All entries below must be reproduced without a single change.
>>>
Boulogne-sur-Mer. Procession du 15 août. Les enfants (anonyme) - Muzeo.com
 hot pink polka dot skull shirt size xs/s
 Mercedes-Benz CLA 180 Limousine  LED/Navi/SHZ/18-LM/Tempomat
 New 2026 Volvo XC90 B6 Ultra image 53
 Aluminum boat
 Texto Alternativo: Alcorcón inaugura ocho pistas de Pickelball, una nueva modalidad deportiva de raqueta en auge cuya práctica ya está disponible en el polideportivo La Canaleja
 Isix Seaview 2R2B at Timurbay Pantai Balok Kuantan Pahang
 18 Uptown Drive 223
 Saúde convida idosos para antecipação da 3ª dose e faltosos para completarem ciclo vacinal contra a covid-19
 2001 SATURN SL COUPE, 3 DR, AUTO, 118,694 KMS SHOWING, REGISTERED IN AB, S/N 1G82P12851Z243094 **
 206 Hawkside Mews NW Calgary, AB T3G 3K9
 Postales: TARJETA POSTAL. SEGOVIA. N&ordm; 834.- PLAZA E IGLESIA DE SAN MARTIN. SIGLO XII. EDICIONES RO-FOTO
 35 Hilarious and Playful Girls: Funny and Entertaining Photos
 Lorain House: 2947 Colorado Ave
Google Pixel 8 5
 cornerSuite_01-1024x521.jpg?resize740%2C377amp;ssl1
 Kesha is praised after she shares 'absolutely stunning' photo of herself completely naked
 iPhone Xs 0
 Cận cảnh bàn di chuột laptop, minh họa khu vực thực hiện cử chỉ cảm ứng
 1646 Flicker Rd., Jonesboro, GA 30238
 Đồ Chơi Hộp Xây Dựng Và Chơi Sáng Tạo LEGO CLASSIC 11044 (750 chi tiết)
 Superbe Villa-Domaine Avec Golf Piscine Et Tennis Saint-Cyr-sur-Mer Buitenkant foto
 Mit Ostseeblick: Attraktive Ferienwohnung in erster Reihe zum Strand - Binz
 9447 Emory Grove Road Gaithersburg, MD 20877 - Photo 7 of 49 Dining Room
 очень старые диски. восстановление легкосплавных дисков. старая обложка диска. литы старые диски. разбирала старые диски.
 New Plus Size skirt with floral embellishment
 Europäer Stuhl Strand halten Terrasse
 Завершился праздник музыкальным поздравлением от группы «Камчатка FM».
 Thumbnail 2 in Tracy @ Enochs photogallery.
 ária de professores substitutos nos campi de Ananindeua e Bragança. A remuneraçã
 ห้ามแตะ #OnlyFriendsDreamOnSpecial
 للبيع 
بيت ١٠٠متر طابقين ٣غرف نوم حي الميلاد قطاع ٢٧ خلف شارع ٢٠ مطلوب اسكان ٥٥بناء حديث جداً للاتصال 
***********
<<<
RESPONSE TO THIS TASK —
Boulogne-sur-Mer. Procession du 15 août. Les enfants (anonyme) - Muzeo.com
 hot pink polka dot skull shirt size xs/s
 Mercedes-Benz CLA 180 Limousine  LED/Navi/SHZ/18-LM/Tempomat
 New 2026 Volvo XC90 B6 Ultra image 53
 Aluminum boat
 Texto Alternativo: Alcorcón inaugura ocho pistas de Pickelball, una nueva modalidad deportiva de raqueta en auge cuya práctica ya está disponible en el polideportivo La Canaleja
 Isix Seaview 2R2B at Timurbay Pantai Balok Kuantan Pahang
 18 Uptown Drive 223
 Saúde convida idosos para antecipação da 3ª dose e faltosos para completarem ciclo vacinal contra a covid-19
 2001 SATURN SL COUPE, 3 DR, AUTO, 118,694 KMS SHOWING, REGISTERED IN AB, S/N 1G82P12851Z243094 **
 206 Hawkside Mews NW Calgary, AB T3G 3K9
 Postales: TARJETA POSTAL. SEGOVIA. N&ordm; 834.- PLAZA E IGLESIA DE SAN MARTIN. SIGLO XII. EDICIONES RO-FOTO
 35 Hilarious and Playful Girls: Funny and Entertaining Photos
 Lorain House: 2947 Colorado Ave
Google Pixel 8 5
 cornerSuite_01-1024x521.jpg?resize740%2C377amp;ssl1
 Kesha is praised after she shares 'absolutely stunning' photo of herself completely naked
 iPhone Xs 0
 Cận cảnh bàn di chuột laptop, minh họa khu vực thực hiện cử chỉ cảm ứng
 1646 Flicker Rd., Jonesboro, GA 30238
 Đồ Chơi Hộp Xây Dựng Và Chơi Sáng Tạo LEGO CLASSIC 11044 (750 chi tiết)
 Superbe Villa-Domaine Avec Golf Piscine Et Tennis Saint-Cyr-sur-Mer Buitenkant foto
 Mit Ostseeblick: Attraktive Ferienwohnung in erster Reihe zum Strand - Binz
 9447 Emory Grove Road Gaithersburg, MD 20877 - Photo 7 of 49 Dining Room
 очень старые диски. восстановление легкосплавных дисков. старая обложка диска. литы старые диски. разбирала старые диски.
 New Plus Size skirt with floral embellishment
 Europäer Stuhl Strand halten Terrasse
 Завершился праздник музыкальным поздравлением от группы «Камчатка FM».
 Thumbnail 2 in Tracy @ Enochs photogallery.
 ária de professores substitutos nos campi de Ananindeua e Bragança. A remuneraçã
 ห้ามแตะ #OnlyFriendsDreamOnSpecial
 للبيع 
بيت ١٠٠متر طابقين ٣غرف نوم حي الميلاد قطاع ٢٧ خلف شارع ٢٠ مطلوب اسكان ٥٥بناء حديث جداً للاتصال 
***********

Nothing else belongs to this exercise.